Digital Finance Analytics has released the December mortgage stress and default analysis update. Across Australia, more than 921,000 households are estimated to be now in mortgage stress (last month 913,000). This equates to 29.7% of households. In addition, more than 24,000 of these in severe stress, up 3,000 from last month. We estimate that more than 52,000 households risk 30-day default in the next 12 months, similar to last month. We expect bank portfolio losses to be around 2.8 basis points, though with losses in WA rising to 4.9 basis points. Households in NSW are showing the most significant rise in stress, thanks to larger mortgages relative to income, while income growth is slow.

Martin North, Principal of Digital Finance Analytics said “the number of households impacted are economically significant, especially as household debt continues to climb to new record levels. Mortgage lending is still growing at three times income. This is not sustainable”. The latest household debt to income ratio is now at a record 199.7.[1]

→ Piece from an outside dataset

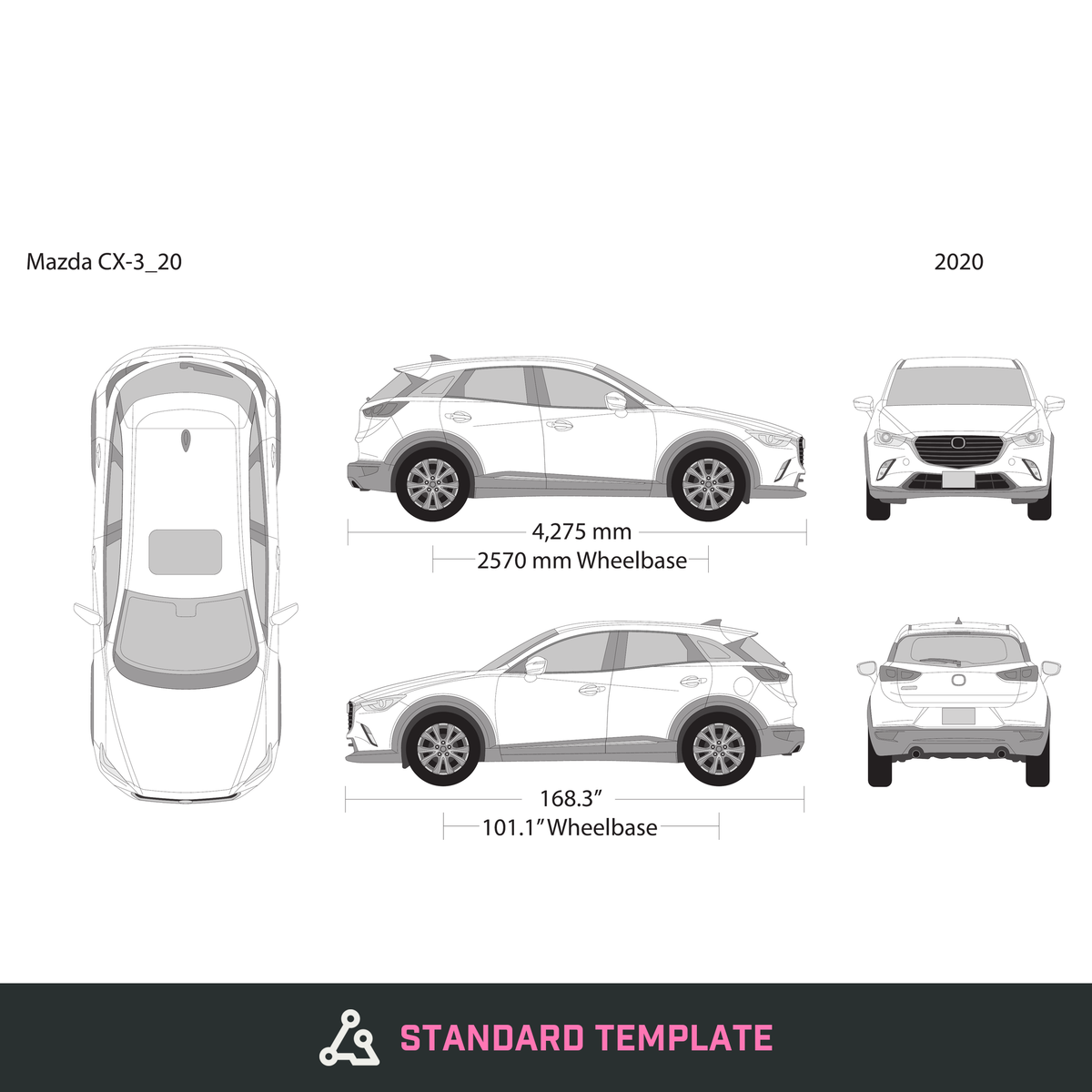 2020 Mazda CX-3 vector wrap template, Design-Ready PDF - GravBase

Risks in the system continue to rise, and while recent strengthening of lending standards will help protect new borrowers, there are many households currently holding loans which would not now be approved. This is a significant sleeping problem and the risks in the system are higher than many recognise.

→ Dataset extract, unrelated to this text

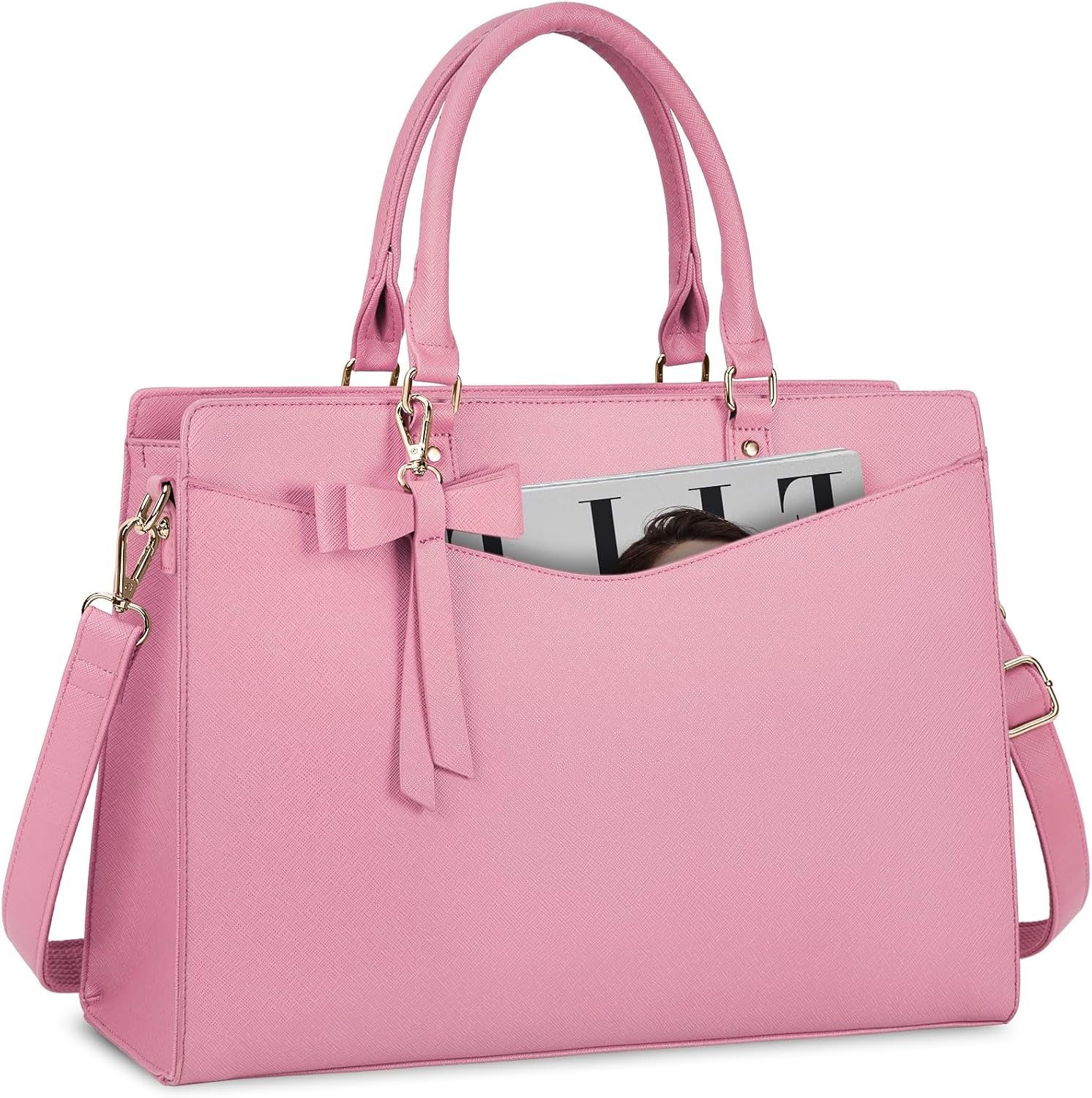Laptop Bag for Women | Waterproof PU, Multi-Pocket Organizer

Our analysis uses the DFA core market model which combines information from our 52,000 household surveys, public data from the RBA, ABS and APRA; and private data from lenders and aggregators. The data is current to end December 2017. We analyse household cash flow based on real incomes, outgoings and mortgage repayments, rather than using an arbitrary 30% of income.

Households are defined as “stressed” when net income (or cash flow) does not cover ongoing costs. Households in mild stress have little leeway in their cash flows, whereas those in severe stress are unable to meet repayments from current income. In both cases, households manage this deficit by cutting back on spending, putting more on credit cards and seeking to refinance, restructure or sell their home.  Those in severe stress are more likely to be seeking hardship assistance and are often forced to sell.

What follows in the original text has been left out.